The Agreed Framework

Dengan panjang empat halaman, perjanjian itu mengatakan bahwa Korea Utara akan menutup reaktor nuklir utamanya di Yogbyon, dan dua situs lainnya. Selain itu, mereka juga akan menyegel bahan bakar yang berpotensi digunakan untuk membuat senjata nuklir.

Sebagai gantinya, AS akan menyediakan minyak untuk mengganti bahan bakar yang dilenyapkan dari pabrik nuklir. AS juga berjanji mencabut sanksi ekonomi, menghapus pembekuan diplomatik, dan tidak akan menyerang Korea Utara.

Di permukaan, sepertinya AS menawarkan konsensi besar kepada Korea Utara.
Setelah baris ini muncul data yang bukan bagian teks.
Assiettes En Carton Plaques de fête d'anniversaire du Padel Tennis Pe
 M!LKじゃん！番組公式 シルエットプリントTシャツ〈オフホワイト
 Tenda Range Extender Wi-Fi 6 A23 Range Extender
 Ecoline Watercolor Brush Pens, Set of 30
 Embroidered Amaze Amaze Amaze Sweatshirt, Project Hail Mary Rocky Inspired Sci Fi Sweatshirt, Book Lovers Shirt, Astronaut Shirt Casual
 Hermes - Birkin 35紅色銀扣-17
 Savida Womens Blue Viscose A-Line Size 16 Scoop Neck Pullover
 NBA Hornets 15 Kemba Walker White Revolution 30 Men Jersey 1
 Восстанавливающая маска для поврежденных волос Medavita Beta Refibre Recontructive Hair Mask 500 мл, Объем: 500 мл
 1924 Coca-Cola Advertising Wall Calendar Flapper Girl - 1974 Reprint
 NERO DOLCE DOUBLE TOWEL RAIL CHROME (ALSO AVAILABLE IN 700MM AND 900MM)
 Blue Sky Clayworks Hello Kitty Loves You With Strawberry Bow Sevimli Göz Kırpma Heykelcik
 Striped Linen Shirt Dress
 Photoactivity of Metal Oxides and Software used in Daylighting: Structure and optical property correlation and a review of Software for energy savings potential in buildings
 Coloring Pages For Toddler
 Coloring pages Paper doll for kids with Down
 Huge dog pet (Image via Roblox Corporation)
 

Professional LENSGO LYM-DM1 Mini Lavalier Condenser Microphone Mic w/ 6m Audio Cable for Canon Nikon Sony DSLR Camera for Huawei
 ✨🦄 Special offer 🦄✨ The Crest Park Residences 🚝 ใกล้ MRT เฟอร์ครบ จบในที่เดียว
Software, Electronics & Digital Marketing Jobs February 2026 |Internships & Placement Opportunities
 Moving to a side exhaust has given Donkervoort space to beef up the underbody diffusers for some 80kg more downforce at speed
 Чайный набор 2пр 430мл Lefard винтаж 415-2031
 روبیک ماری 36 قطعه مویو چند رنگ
Namun, di balik layar, pemerintahan Clinton berpikir bahwa Korea Utara sedang berada di ambang kehancuran dan tidak akan bertahan lama.

Clinton sadar, perjanjian tersebut akan menimbulkan kontorversi. Pihak republiken yang dari awal tidak setuju dengan negosiasi tersebut sangat marah. Mereka berhasil memegang kendali atas anggota Kongres. Pada akhirnya, Kongres menegaskan bahwa mereka tidak akan setuju untuk mendanai pelaksanaan proyek atau perjanjian perdamaian formal antara kedua negara.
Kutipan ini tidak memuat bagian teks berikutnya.